You know that mindless foraging feeling? Where you stare spaced out into the insides of a fridge, freezer, cabinet, vending machine– doesn’t really matter, trying to figure out what will really satisfy your hunger?

You know for a fact the answer is NOT twenty handfuls of potato chips or a pint of mint chocolate chip ice cream and yet…

It happens.

With full awareness we concede that something is better than nothing– that full and slightly nauseous is better than uncomfortably empty and afraid we’ll never find exactly what we’re looking for.

Which of course, we won’t. Not in the pantry.

We know the question.

What will feed our heart and soul, our desire to feel connected, passionate and alive? The answers just always seem so elusive. And we’re so conditioned to look for something concrete. A tangible thing or direction.

Black suede boots. Softer towels. A new town. More kale. A better career. Botox.

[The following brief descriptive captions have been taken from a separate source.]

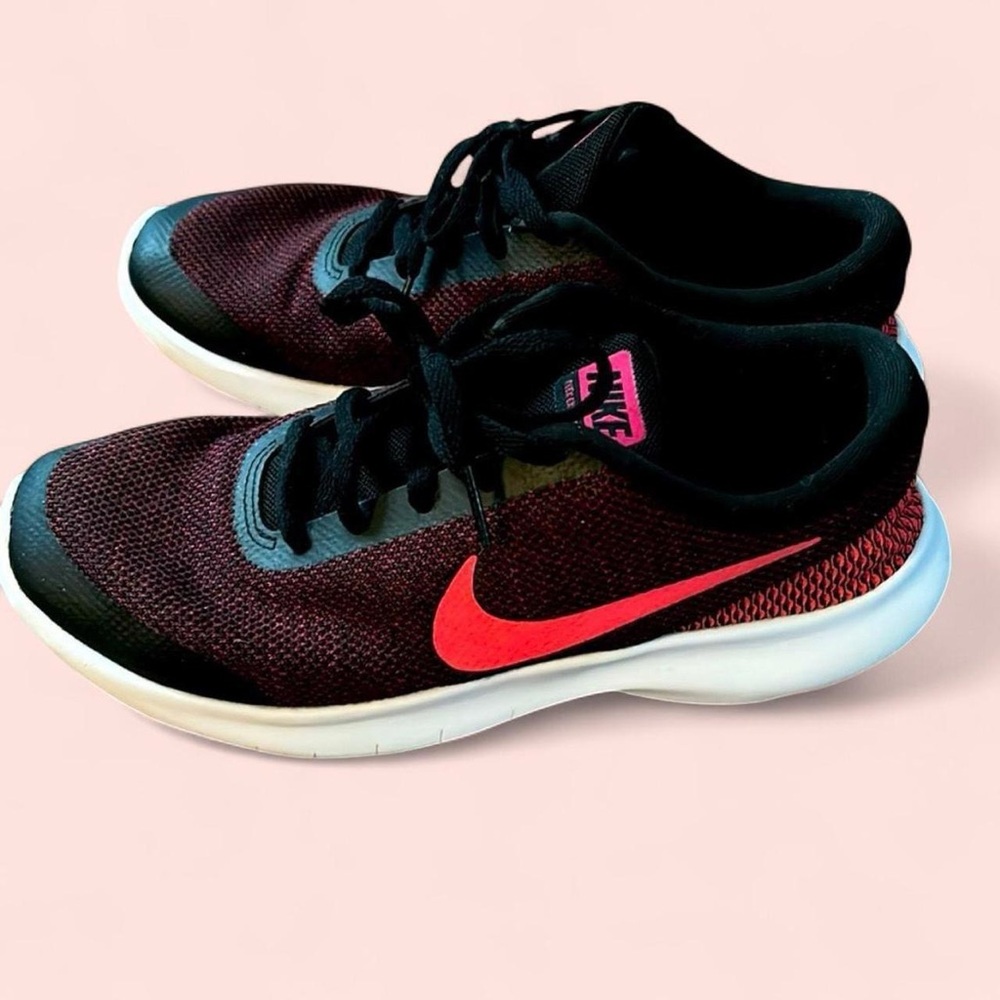 Nike Women's Maroon and Bright Red Training Sneakers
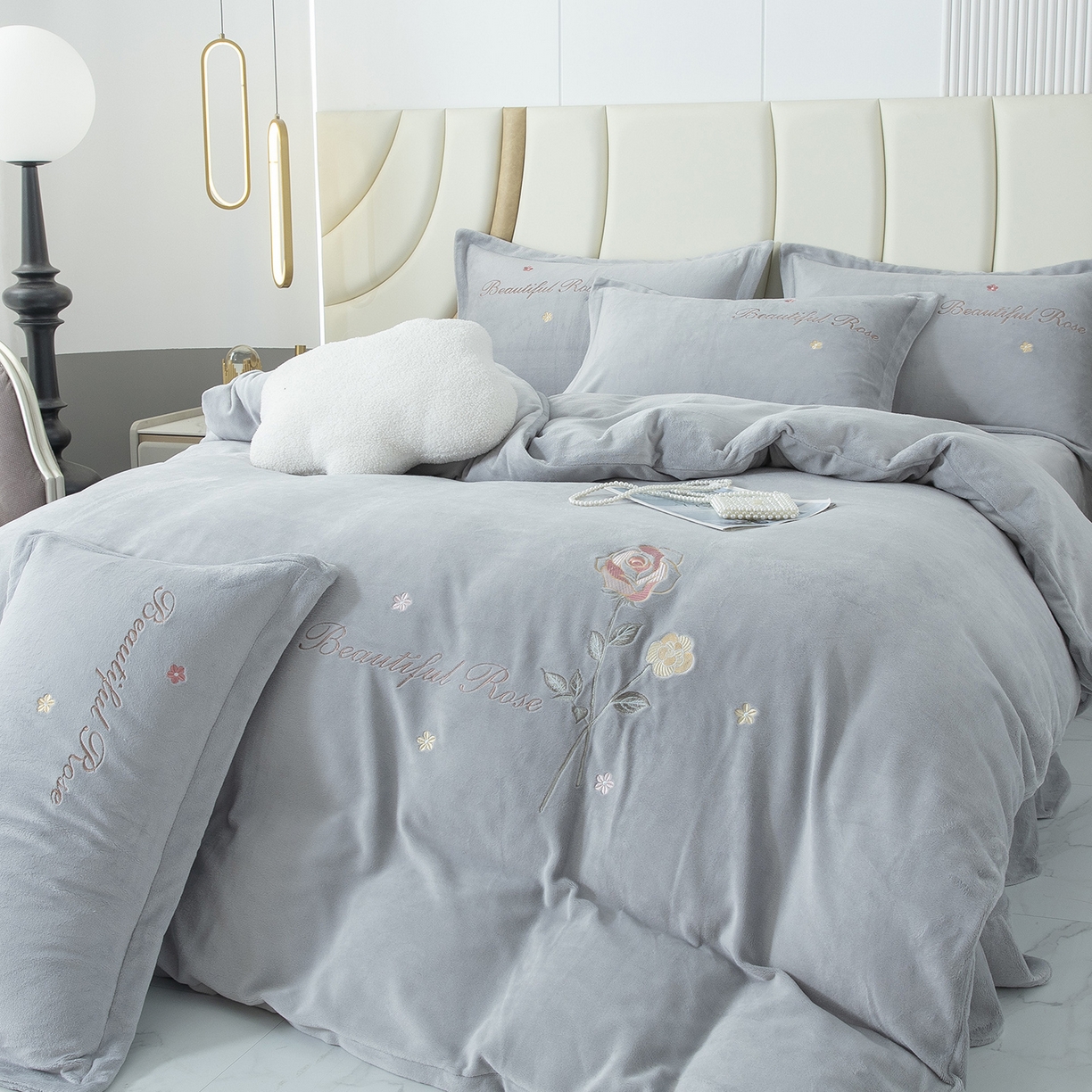 91家纺网 家纺一手货源 找家纺 贝尔 2025新款牛奶绒刺绣四件套-花语系列 花语-高级灰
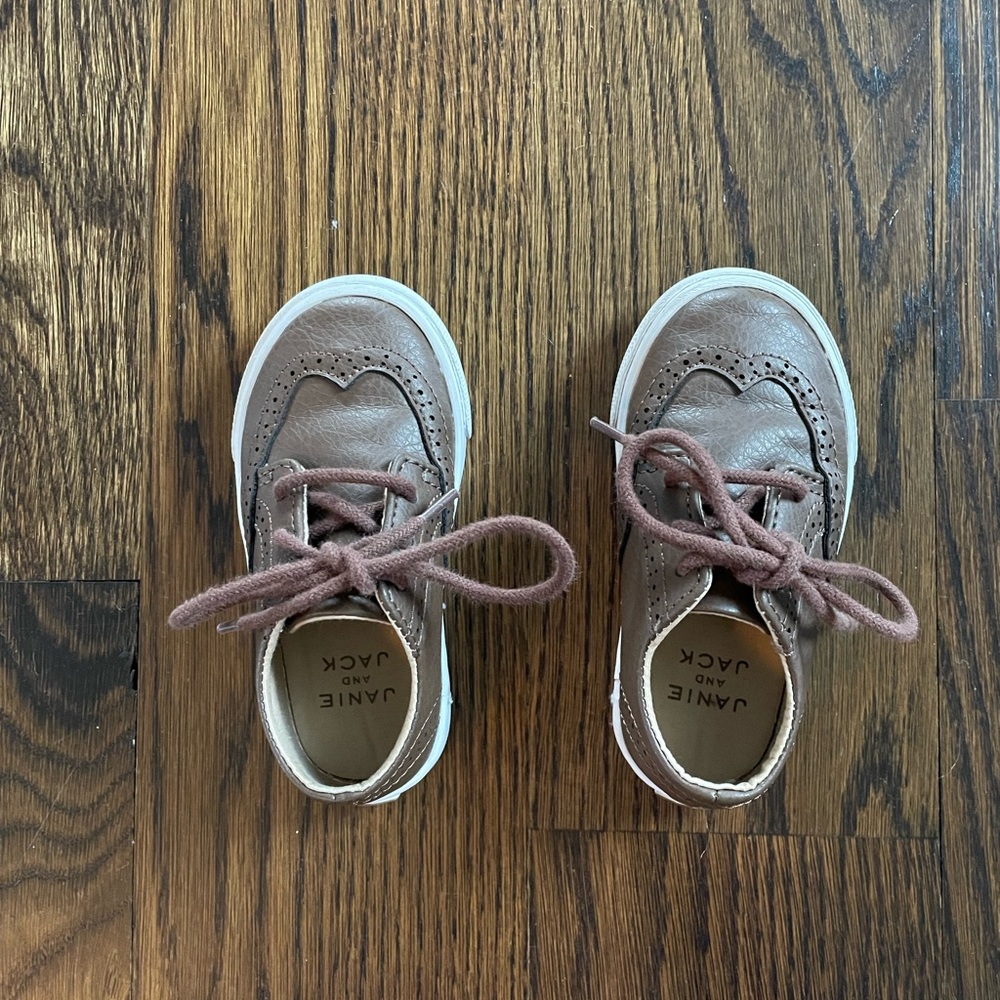 Janie and jack toddler wing tip sneakers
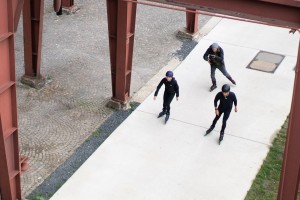 Kameramann verfolgt selber auf Inline Skates zwei Inline Skater in der Zeche Zollverein Essen
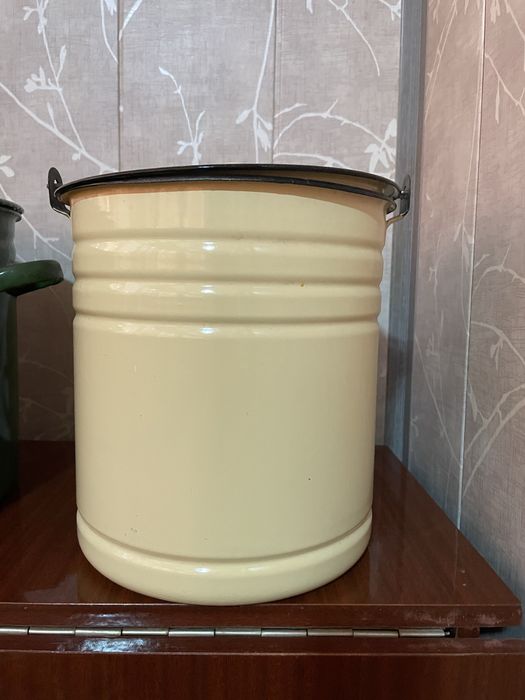 Продам посуду в хорошем состоянии.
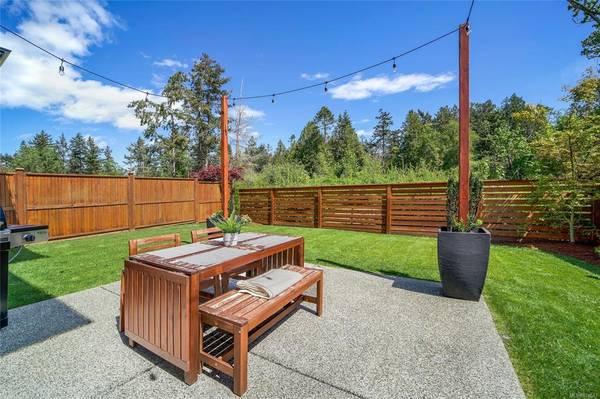 North Saanich, BC V8L 0C5,2187 Deerbrush Cres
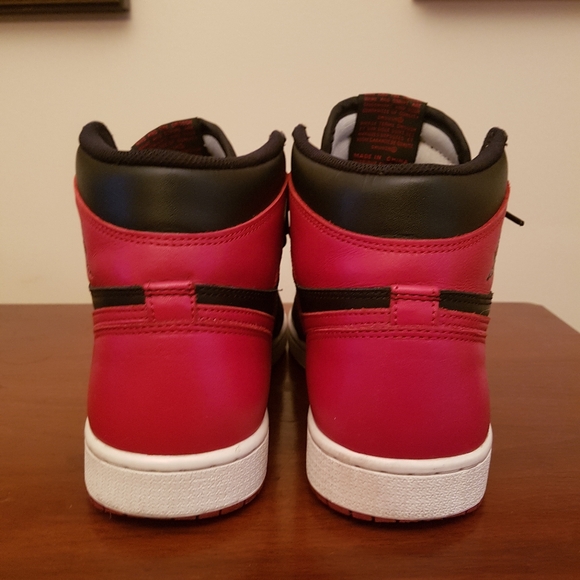 AIR JORDAN 1 "BANNED" - Picture 3 of 8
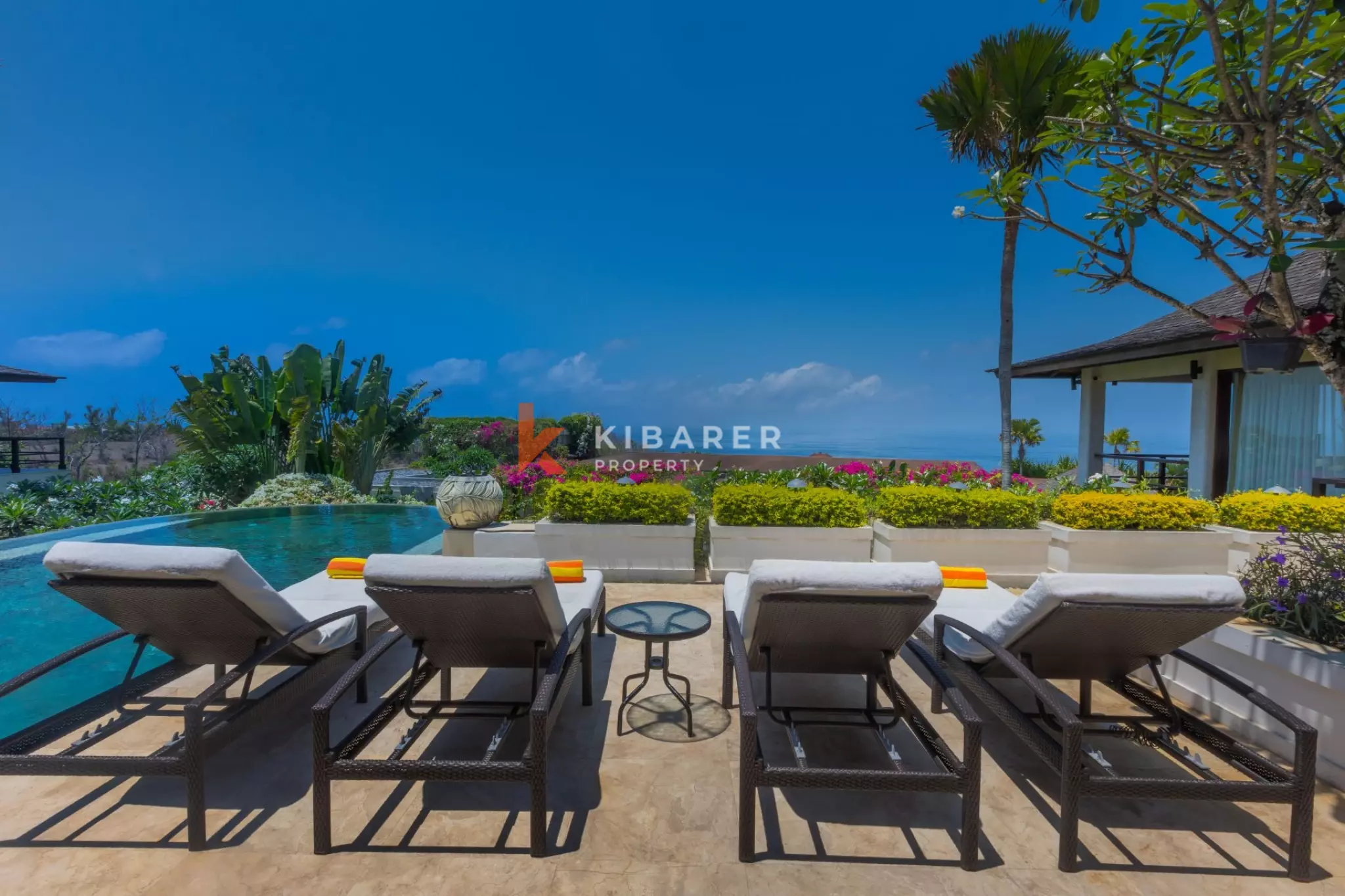 Where the Ocean Meets the Sky - A Six Bedroom Hilltop Villa in Kutuh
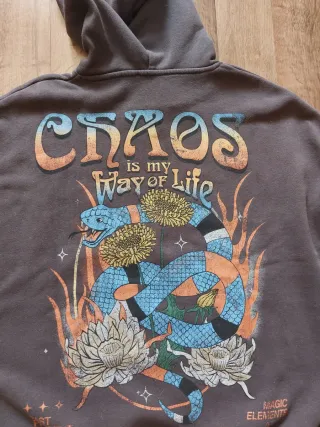 Sudadera Bershka con estampado Talla M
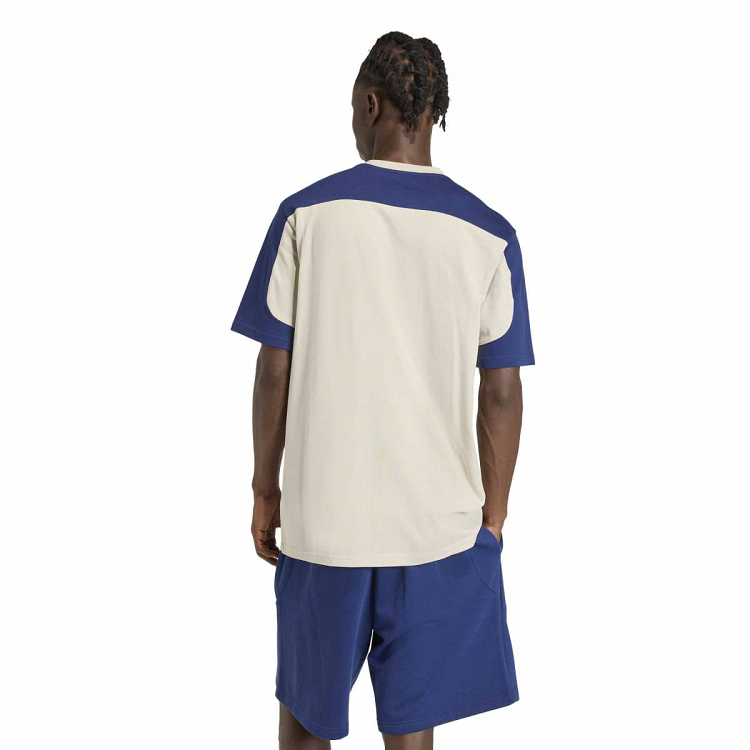 COLLEGIATE T-SHIRT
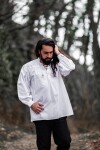 Tipica camicia medievale con collo alto e collo allacciato "Friedrich" White L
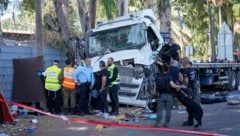 Der Unfallort im Norden von Tel Aviv (Bild: APA/Associated Press)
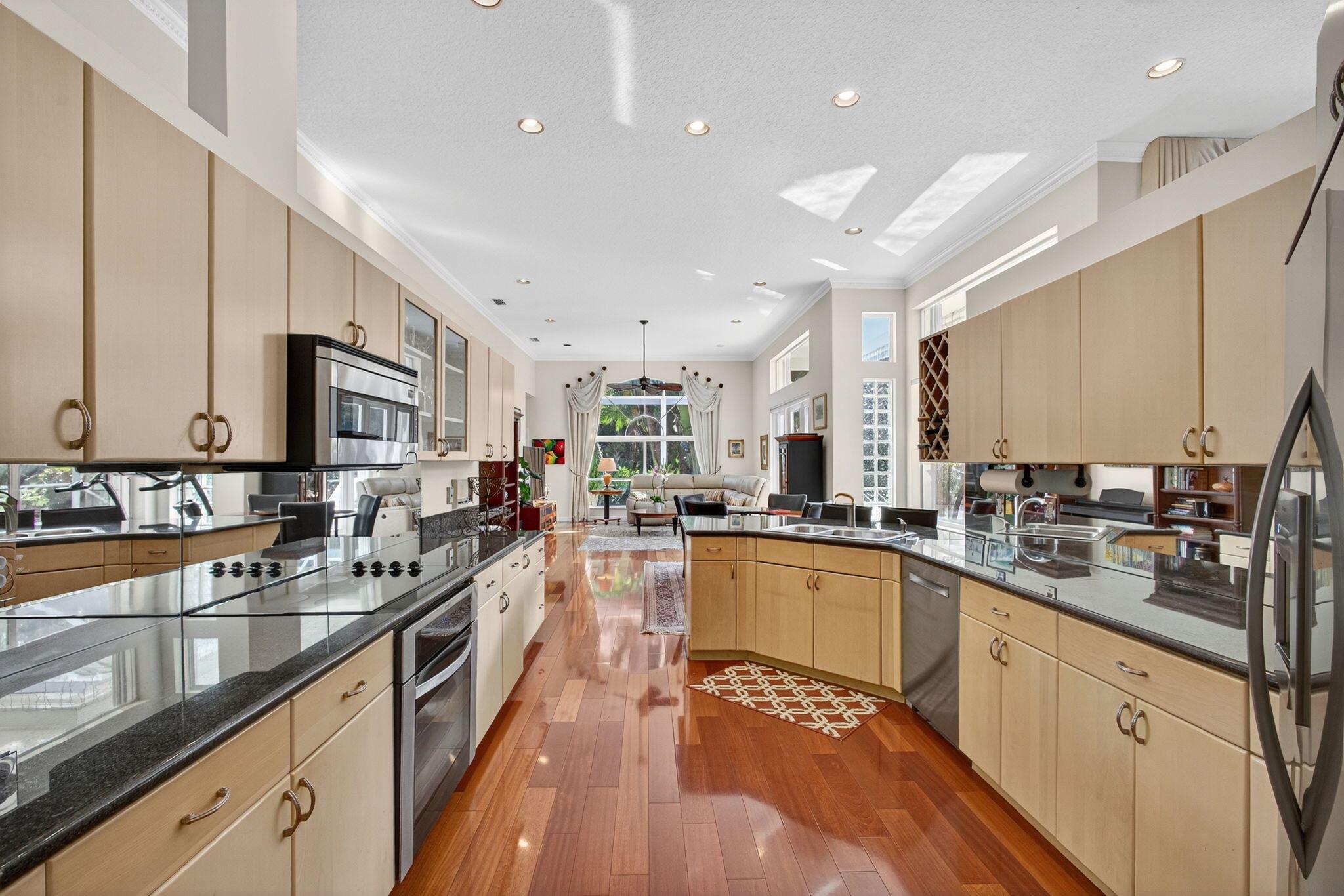 THE ISLAND - Residential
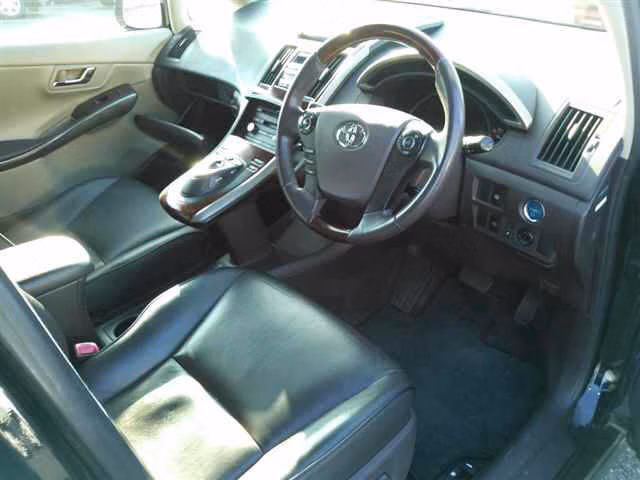 TOYOTA SAI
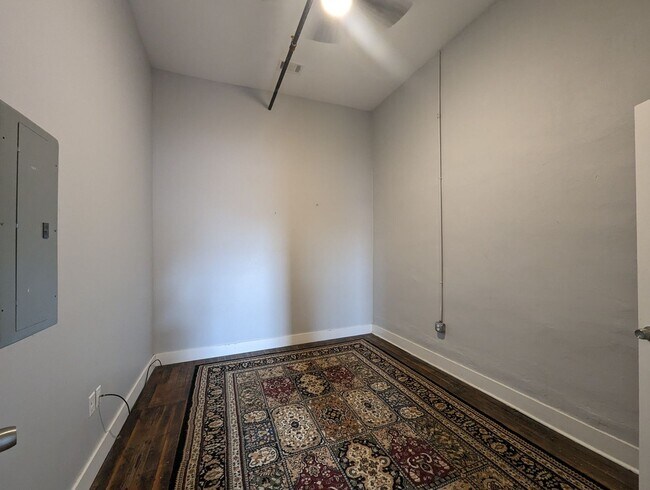 Foto del edificio - Upstairs Loft on Main Street in Batesville...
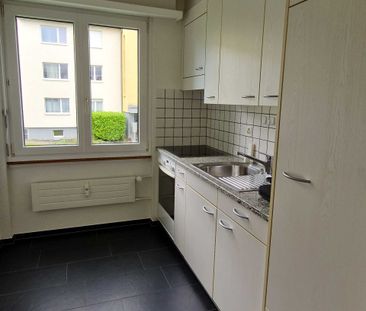 Charming 3-room apartment with balcony in quiet neighborhood - Foto 3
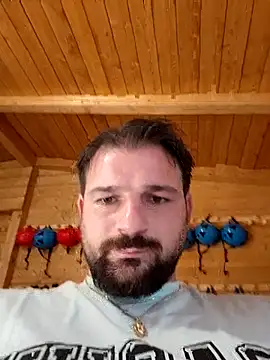 Snapshot of hottman7 chatting on August 4, 3:25 pm hottman7 online show from August 4, 3:25 pm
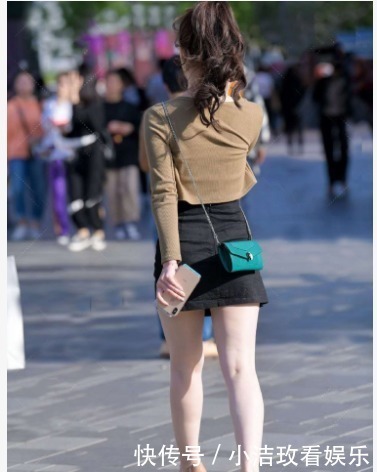 韵味|短打背心搭配黑色短裙,端庄优雅,韵味十足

We know it’s all malarkey. Sort of. But maybe…

This is kind of how I feel about the pre-packaged blind optimism alternatives.

The… “Keep Calm and Carry On” “Chin Up”, “March Ahead”, “Think Pink”, “Look at the Bright Side” and other deadening platitudes.

They all feel fake. Like withered wrinkly kale.

Or the spun pink sugar nourishment of cotton candy.

Well yeah, okay, wouldn’t we all just do it, if it were indeed that simple?

This weekend our family watched an amazing movie called Tomorrowland, in which a young girl relays back to her father an old Cherokee parable he’d repeatedly told her growing up.

It is simple, yet profound.

Opens up choice through the lens of understanding the duality of human nature instead of being reductive about what we should do.

It goes like this.

A grandfather talks to his grandson. “There is a battle that goes inside everyone. It is between two wolves. One is the wolf of darkness and despair. The other is the wolf of light and hope.”

“Which one will win?” his grandson asks.

The elder answers, “The one you feed.”

There’s no Just Do It call to action. No overbearing command that suggests anything’s possible if we just put our mind to it. No bold assumptions about what we should be capable of.

Simply a quiet powerful observation of the struggle, to one degree or another, that goes on inside all of us, the reality of our human predicament and the ultimate power of choice.

It doesn’t end with feed hope.

Or save the wolf of light.

It seems to be championing the remarkable neuroplasticity of our brains, the incredible fortitude of our hearts and the courage of our spirit to know what will make it soar.